Note that $$ a_n=\left(1+\frac1n\right)^n\lt\left(1+\frac1n\right)^{n+1}=b_n $$ In this answer, it is shown that $a_n$ is an increasing sequence and $b_n$ is a decreasing sequence. Thus, $a_n$ is an increasing sequence bounded above by $a_n\lt b_n\lt b_1=4$ and $b_n$ is a decreasing sequence bounded below by $2=a_1\lt a_n\lt b_n$. Thus, both sequences converge.

Since $$ \lim_{n\to\infty}\frac{b_n}{a_n}=\lim_{n\to\infty}1+\frac1n=1 $$ the limits of both sequences are the same.

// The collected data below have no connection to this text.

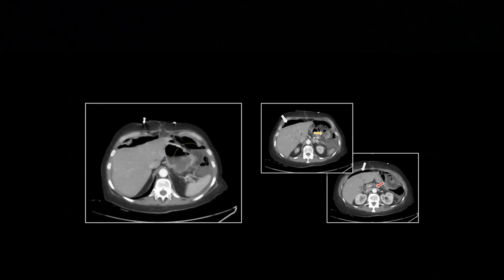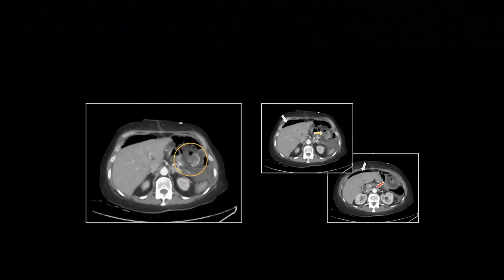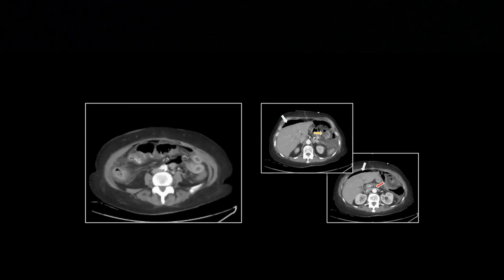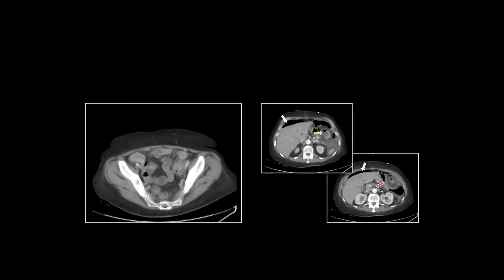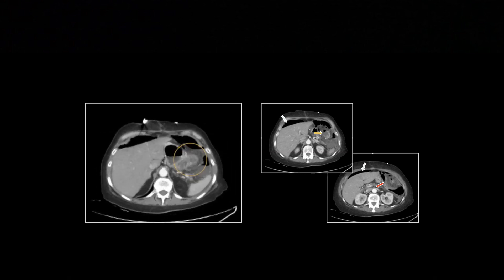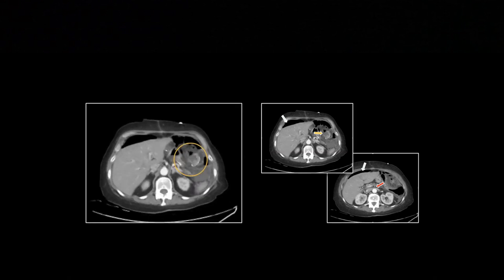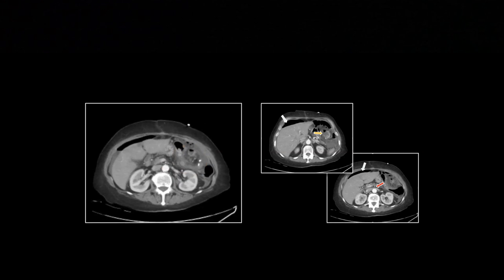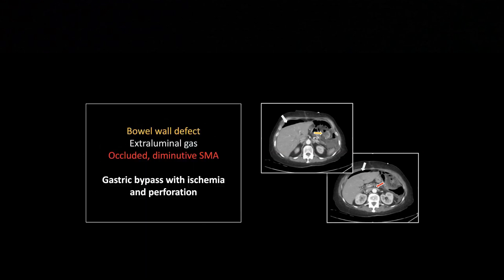Let's pick up this SMA. It is incredibly small, but right there you can see it is not enhancing, right in front of the renal vein. This was a case of ischemia — there is the perforation, and you can see that tiny SMA is, in fact, occluded.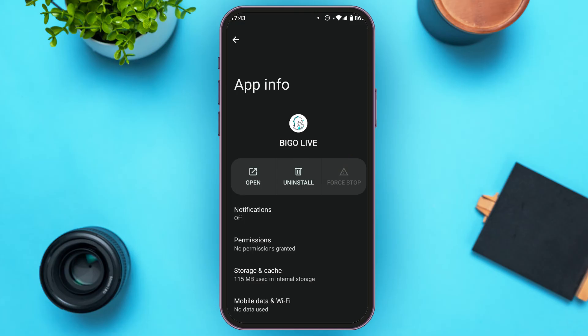Right now I am not going to uninstall it, but after uninstalling it make sure to install it again. It is available both in the Play Store and App Store. After installing it again, your login problem will be fixed.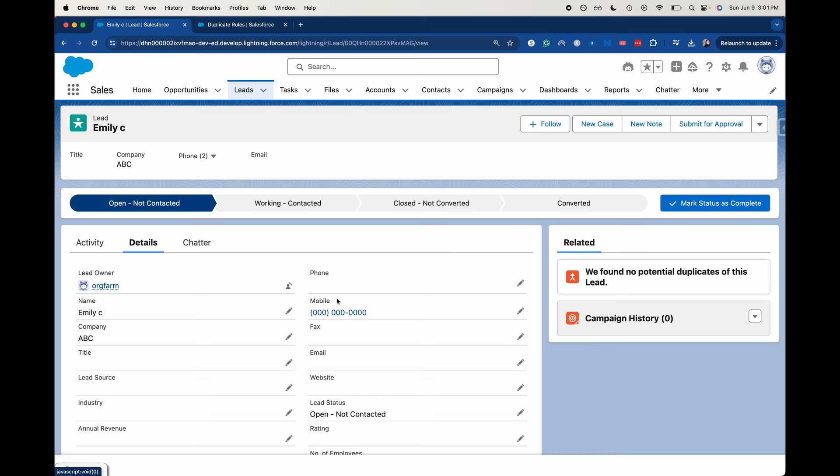My other one, the last name is just Jones and the number is full zeros and the company is ABC. So it's the same company. I'm going to have it be Emily Jones, so it's a somewhat correct name and the phone number will be all zeros.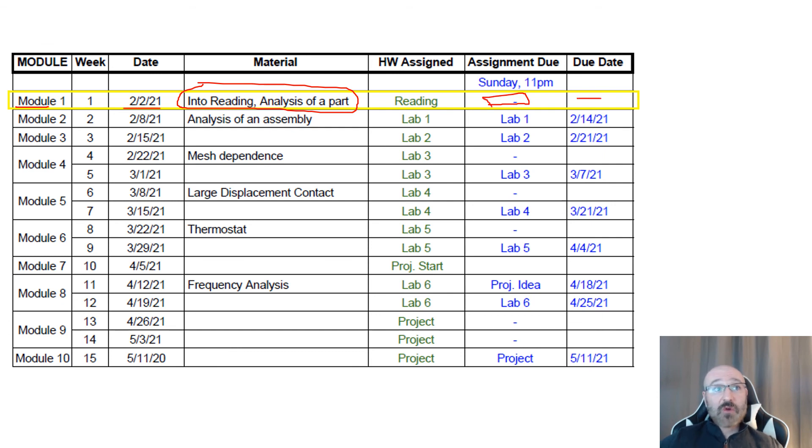As we move into module two, that's when you'll have your first assignment — lab number one — that will be due on the 14th.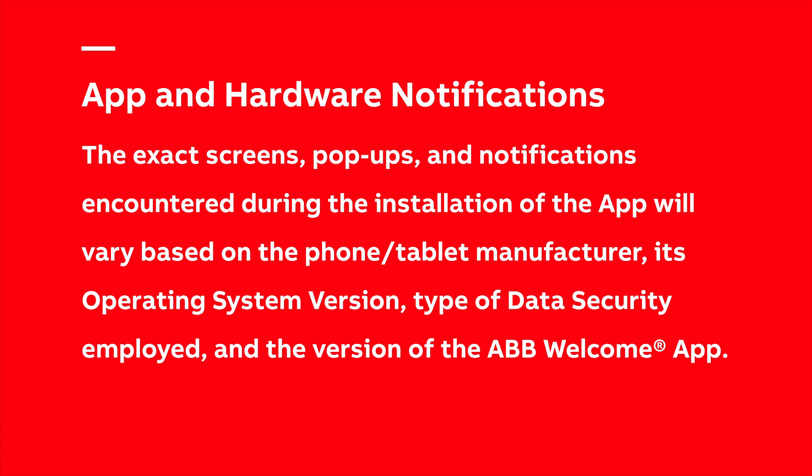The exact screens, pop-ups, and notifications encountered during the installation of the app will vary based on the phone or tablet manufacturer, its operating system version, type of data security employed, and the version of the ABB Welcome app.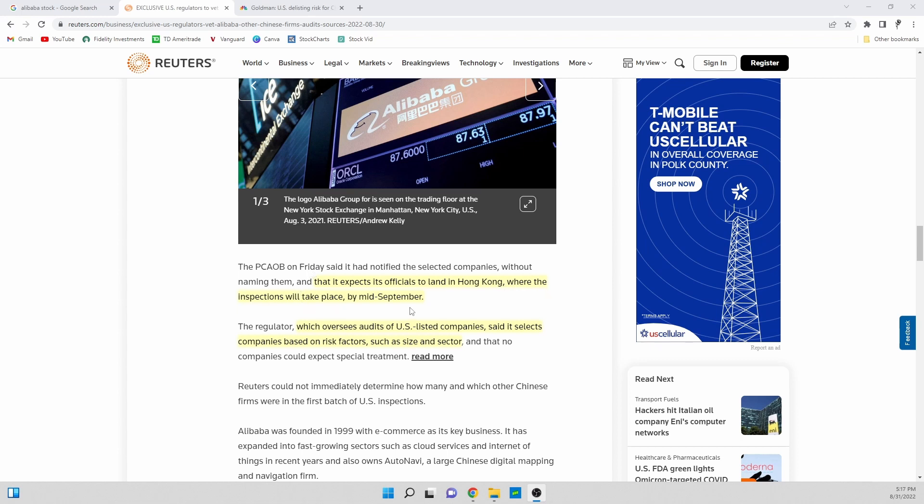That is already a very short time frame that they are going to get out there and start looking at these companies. Hopefully if any issues come up right away they can start addressing them right away and get talks underway. This is great news that these auditors can go into China and actually look at these books.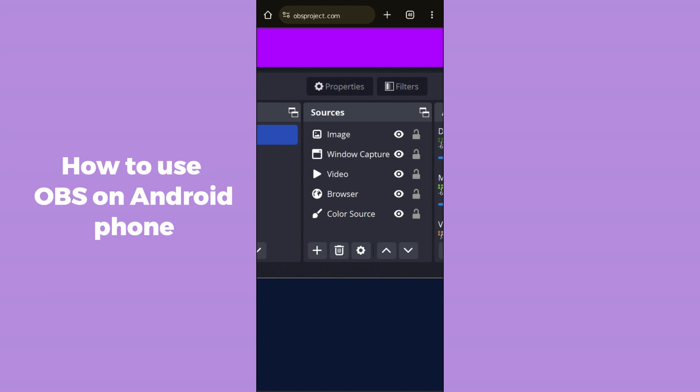After clicking the plus icon in the Sources section, you will see two options: Display Capture and Windows Capture. Display Capture has already been selected here. After clicking on Display Capture, it will ask you for devices — you have to select your Android device rather than Windows, because if you select Windows it might show a black screen.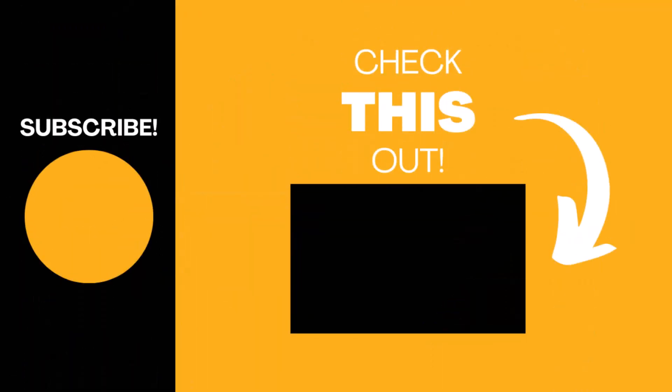Hopefully you found this video useful. If so, please give the video a like and subscribe to my channel for more top tech tips.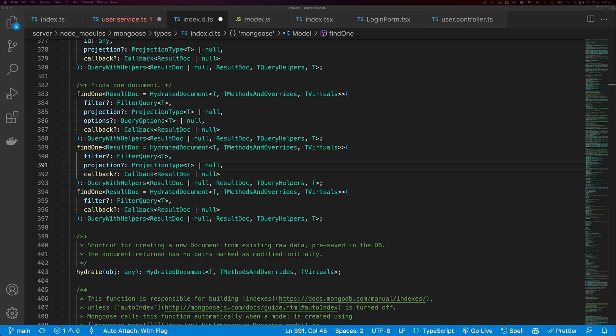Have you ever been looking through type definitions for a library and seen a function declared multiple times, all taking slightly different arguments and wondered what's going on? This is called function overloading or method overloading, and it allows you to define a function that may have several different parameter types.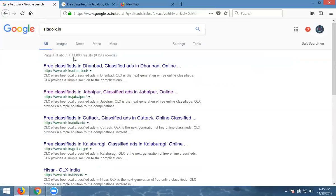So this is the format. We can know about the complete website pages easily counted by the site colon domain dot domain extension. This is called syntax. Site colon domain dot domain extension.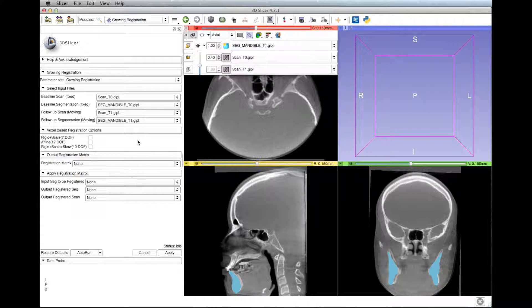The voxel-based registration options are different ways of scale deformation. The first option, rigid plus scale 7 DOF, is what is regularly used, but if for some reason the registration fails with this, use one of the other ones to attempt to fix it.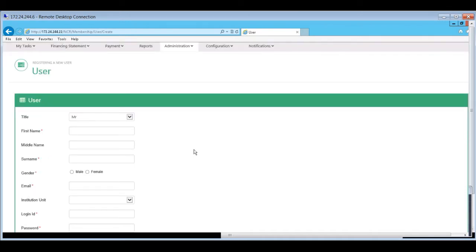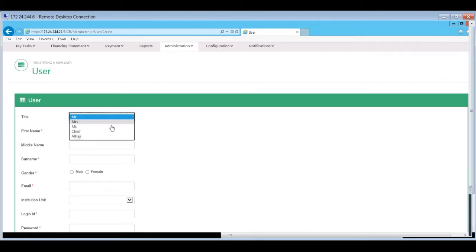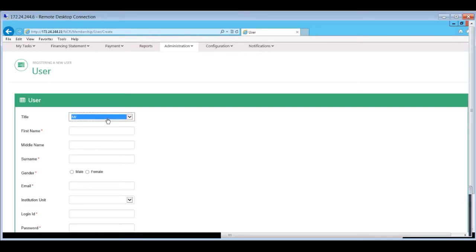Select the user title from the title drop-down list. Enter the first name, middle name, surname, gender, email, institution unit, login ID, and password, taking note of the mandatory fields.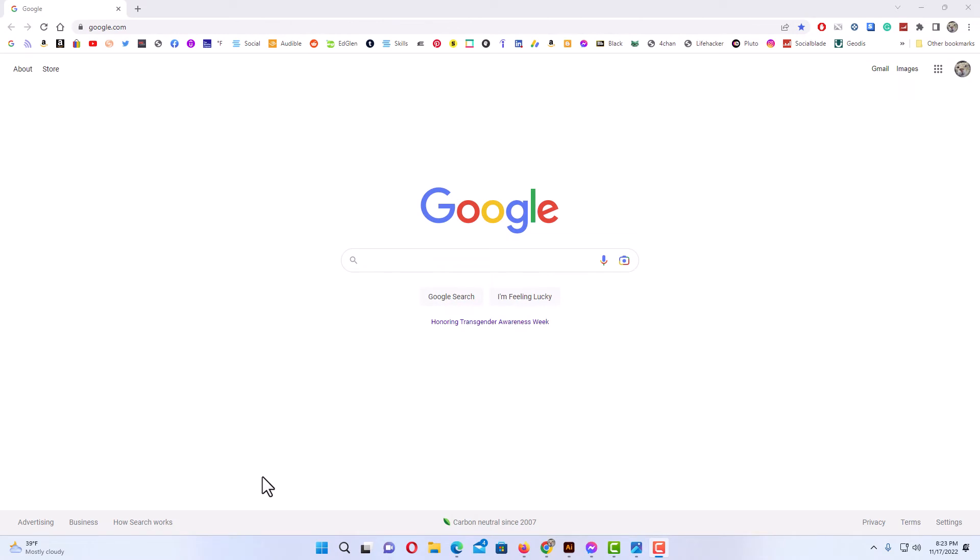I have the Chrome web browser opened up. To block the cookie consent notices in Chrome, these are the annoying pop-ups when you go to a website. You'll have a pop-up asking you if you want to accept the cookies or not.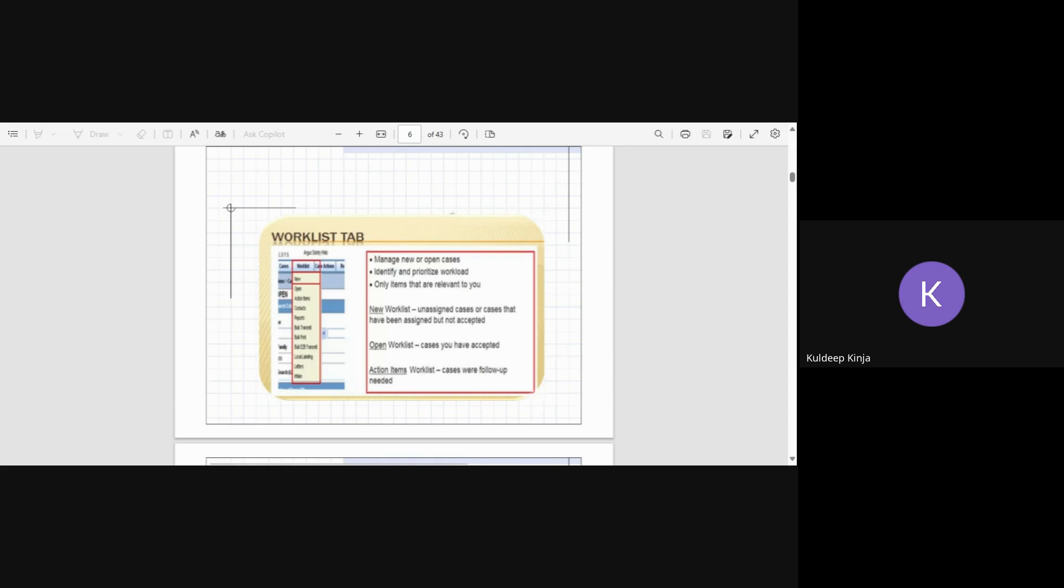Action item shows that if there are any action items pending for that particular case. Action item means if anything is required to do in that case. For example, if any follow-up is needed, if any triggered event questions need to be sent to the HCP or to the patient, all those things are seen in the action items.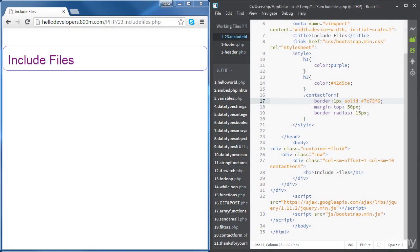In this video we're going to learn how to include a PHP file inside another PHP file. Imagine that you need to build many PHP pages and all of them include the same header. Rather than writing the code for the header in each of those files, you can just create a header.php file and include that file inside the other PHP pages. In our example we're going to create a header and a footer and include them in our file.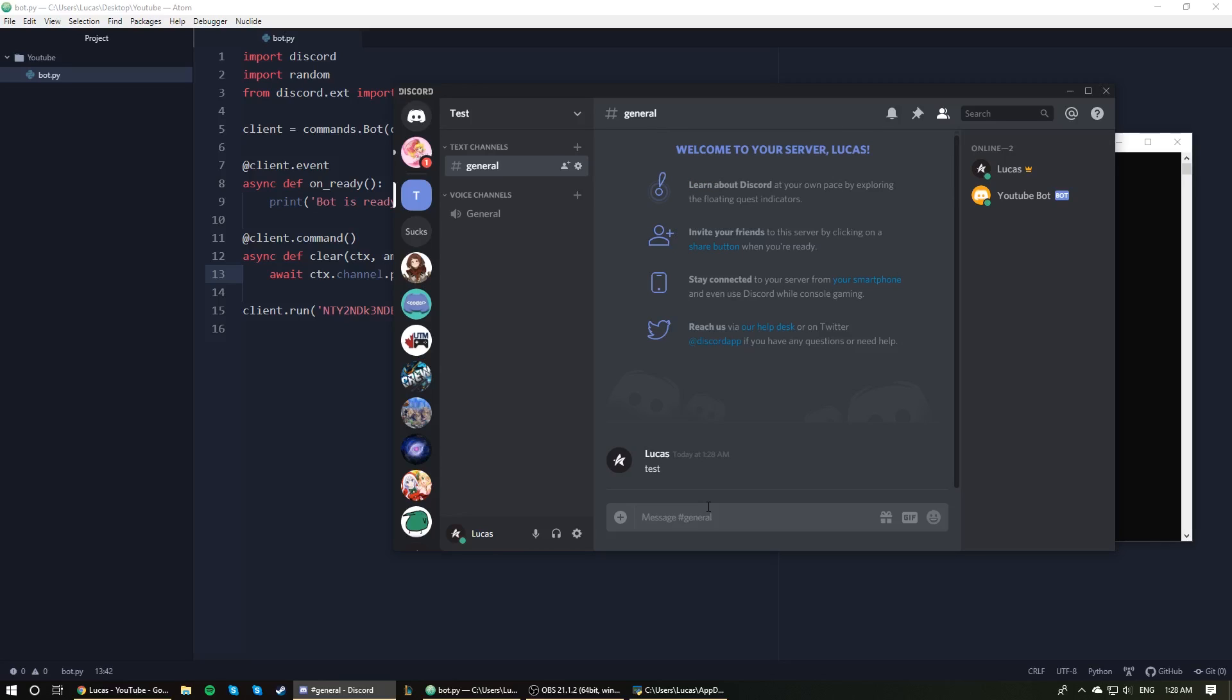So as you can see here, or sorry, it did remove five messages, but there's still one left over and you might be wondering why did that happen? Well, essentially I typed .clear and that message was sent, and then the bot realized, okay he sent a .clear message, I need to act on that so I'm going to run my clear command.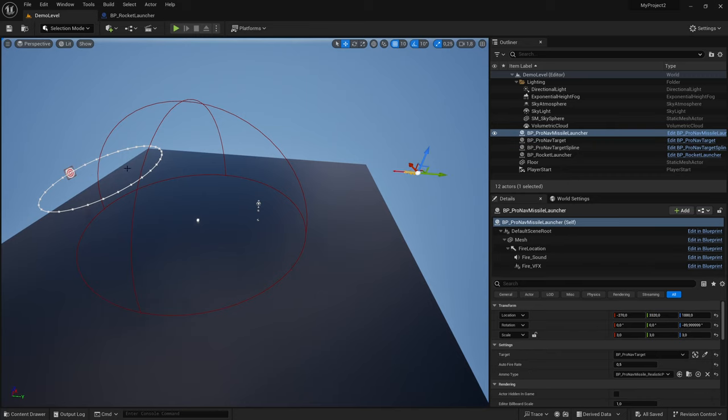For the rocket launcher I set this target as its target. I defined an autofire rate and it will just shoot at the target.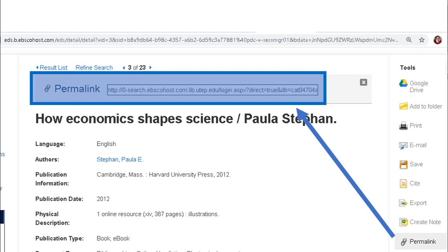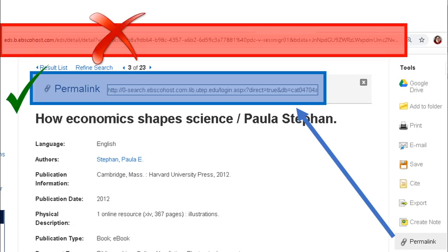The URL that appears at the top of your web browser is not the link you want to save. This is considered a session link — it will break and stop working if you try to save it, as it only lasts while you're in the session. The permalink or stable link are the links you want to save in any database or library resource.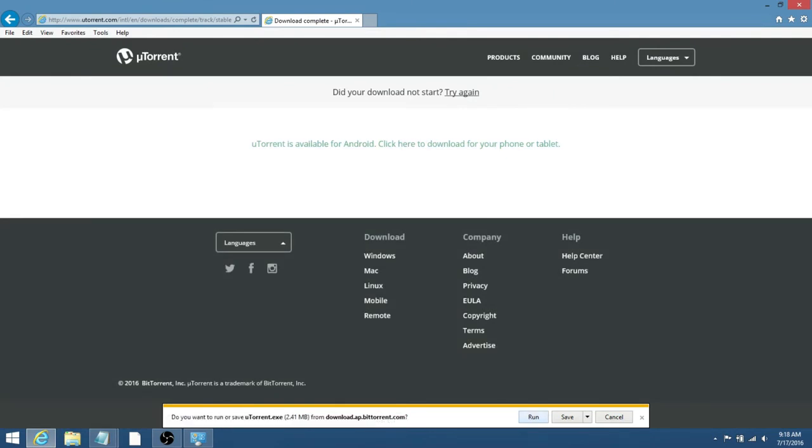So, once again, you'll have Run, Save, Cancel as your three options, and I'm just going to click Run, but if you do want to save it to a specific location, you can also do that.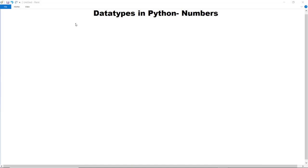In this video we are going to discuss the data types in Python, and the first data type we are going to discuss is numbers, or numerical data types. Numerical data types hold numeric values, and in numerical values there are four subtypes in Python.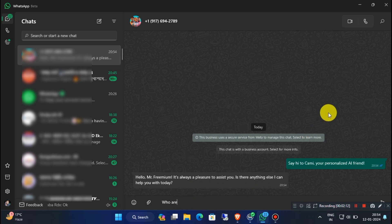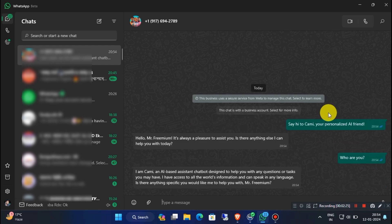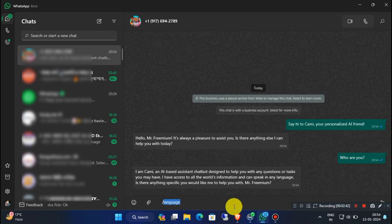You can ask anything by typing a message. And then type your language name, without any space.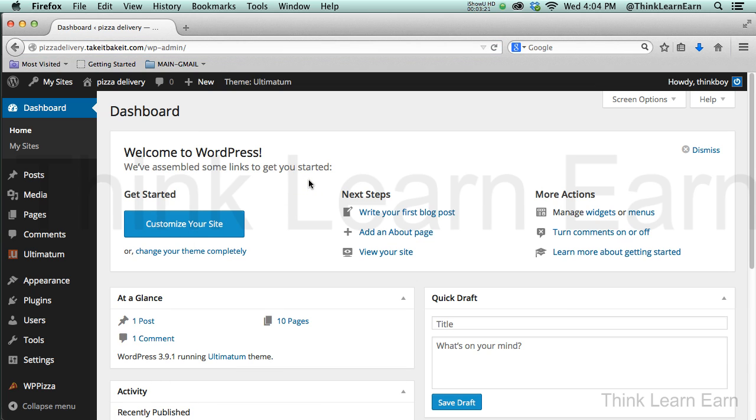So the next video, we'll get started by setting up our Ultimatum theme in preparation for the WP Pizza plugin. So talk to you soon.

Call that limit $e$, then we have $$ 2=a_1\lt\lim_{n\to\infty}a_n=e=\lim_{n\to\infty}b_n\lt b_1=4 $$ By computing $a_n$ and $b_n$ for large $n$, we can bound the value of $e$ as closely as we want.

Answer 4

Here is the "standard" proof:

Let $a_{n}= \left(1 + \frac{1}{n} \right)^{n}= \frac{(n+1)^n}{n^n}$.

Then

$$\frac{a_{n+1}}{a_n}=\frac{(n+2)^{n+1}}{(n+1)^{n+1}}\frac{n^n}{(n+1)^n}=\frac{(n+2)^{n+1}n^{n+1}}{(n+1)^{2n+2}}\frac{n+1}{n}$$

$$=\left( \frac{n^2+2n}{(n+1)^{2}}\right)^{n+1}\frac{n+1}{n}=\left( 1-\frac{1}{(n+1)^{2}}\right)^{n+1}\frac{n+1}{n}$$

Now, by Bernoulli

$$\left( 1-\frac{1}{(n+1)^{2}}\right)^{n+1}\geq 1-\frac{n+1}{(n+1)^{2}}=\frac{n}{n+1}$$

Thus

$$\frac{a_{n+1}}{a_n} \geq \frac{n}{n+1}\frac{n+1}{n}=1 \,.$$

This shows that $a_n$ is increasing.

Now, let

Let $b_{n}= \left(1 + \frac{1}{n} \right)^{n+1}= \frac{(n+1)^{n+1}}{n^{n+1}}$.

Then

$$\frac{b_n}{b_{n+1}}=\frac{(n+1)^{n+1}}{n^{n+1}}\frac{(n+1)^{n+2}}{(n+2)^{n+2}}=\left( \frac{(n+1)^2}{n(n+2)} \right)^{n+2}\frac{n}{n+1}$$

$$\geq \left(1+ \frac{n+2}{n(n+2)} \right)\frac{n}{n+1}=1$$

Thus $b_n$ is decreasing.

As $a_n \leq b_n$ it follows that $a_n$ is increasing and bounded from above by $b_1$..

Now, if we denote the limit of this sequence by $e$ (which is the historic definition), it can be proven from

$$\left(1 + \frac{1}{n} \right)^{n}=\left(1 + \frac{1}{n} \right)^{n+1} =e$$ that $(e^x)'=e^x$.